Mr. Boone said that if he were in charge of standards, there would be stringent controls on material.

“It must be majority approved … voluntary … and self-imposed,” he said, clad in a yellow blazer, black slacks, a canary yellow tie and white leather shoes. “Censorship is healthy for any society, and that goes for arts, entertainment, anything. Self-imposed means that the majority of people say that is what we want, and it can be changed if people’s attitudes change, which is how a democratic society works.”

Figures like radio announcer Howard Stern, who has been fined and his show banned from several stations for broadcasts that have been called offensive and vulgar, “shows no discipline and no self-restraint at all.”

When Mr. Boone was invited to appear on Mr. Stern’s radio show several years ago, the singer agreed, but with a simple stipulation.
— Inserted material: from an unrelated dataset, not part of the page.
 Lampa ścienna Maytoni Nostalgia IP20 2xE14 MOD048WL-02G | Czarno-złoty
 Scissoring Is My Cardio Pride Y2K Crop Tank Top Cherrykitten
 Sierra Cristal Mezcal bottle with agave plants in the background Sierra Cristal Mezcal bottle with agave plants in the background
“I said that I will if Howard will give me just a gentleman’s promise that he will not say anything filthy about my wife or my daughter Debbie then I’ll come on. He wouldn’t even do that, so I did not go on. I said that if I did go on and he said scandalous things about my family I would be forced to walk out or punch him in his big nose.”

Of Mr. Reagan, Mr. Boone recalled an anticommunism rally about 40 years ago when a speech by the future president stirred him.

“I remember we were leaving, my wife, Shirley, and I, and I said, ‘Man, it’s too bad a guy like Ronald Reagan doesn’t run for office,’ ” he recalled. Mr. Reagan became governor of California a short time later, in 1967.

Mr. Boone has always been what he is: unapologetically inoffensive, a man in white bucks and sweater who cranked out 1950s pop hits that were the antidote to the renegade that was Presley. He still holds the Billboard magazine record of 200 consecutive weeks on the charts with more than one song at a time holding down a slot.

When he and Presley shared a bill at a 1955 sock hop in Cleveland, Mr. Boone already had a hit with “Two Hearts and Two Kisses.” But he had heard things about the young, hillbilly singer from Tupelo, Miss.

“I was backstage and Elvis came in with his entourage. He had one even then,” Mr. Boone said. “I had on my nice clothes, a tie and a button-up shirt my white buck shoes and he had his collar turned up and his hair was long and greasy. And I said to him, ‘Hi, I’m Pat Boone.’ And he had this weak, wet handshake and he kind of mumbled something to me, he was very insecure.”